(STORED DATA):
·····

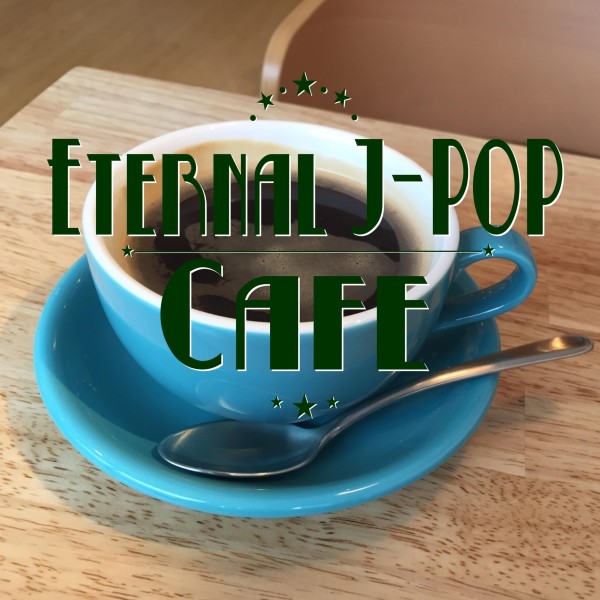Eternal J-POP Cafe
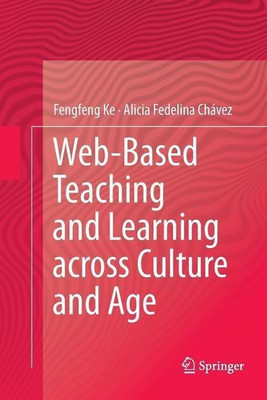 Web-Based Teaching and Learning across Culture and Age(English, Paperback, Ke Fengfeng)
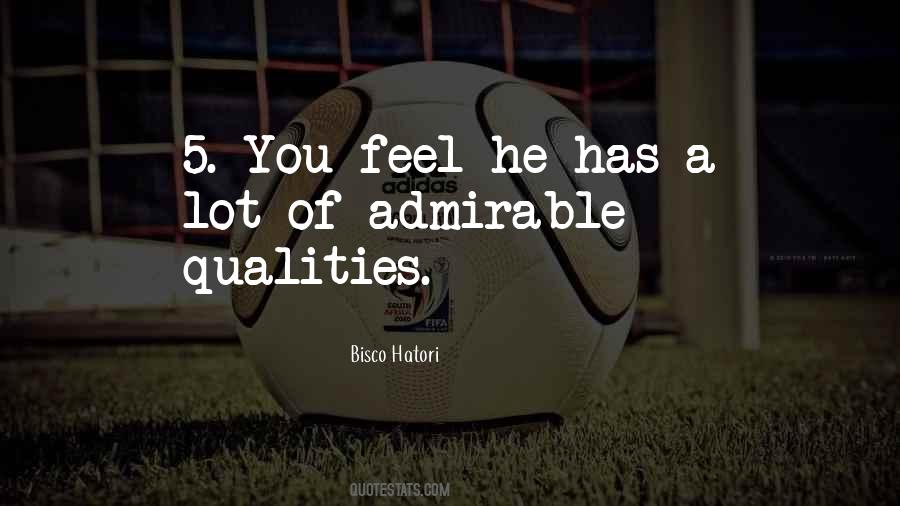 Quotes About Admirable Qualities #1563564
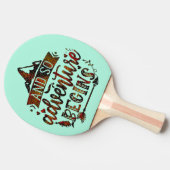 Funny Zitate, und so beginnt das Abenteuer, Ping P Tischtennis Schläger (Seitenansicht)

·····

(TASK DESCRIPTION):
Omit the pictures, then output the rest of the listing exactly.

(RESPONSE AREA):
Eternal J-POP Cafe
 Web-Based Teaching and Learning across Culture and Age(English, Paperback, Ke Fengfeng)
 Quotes About Admirable Qualities #1563564
 Funny Zitate, und so beginnt das Abenteuer, Ping P Tischtennis Schläger (Seitenansicht)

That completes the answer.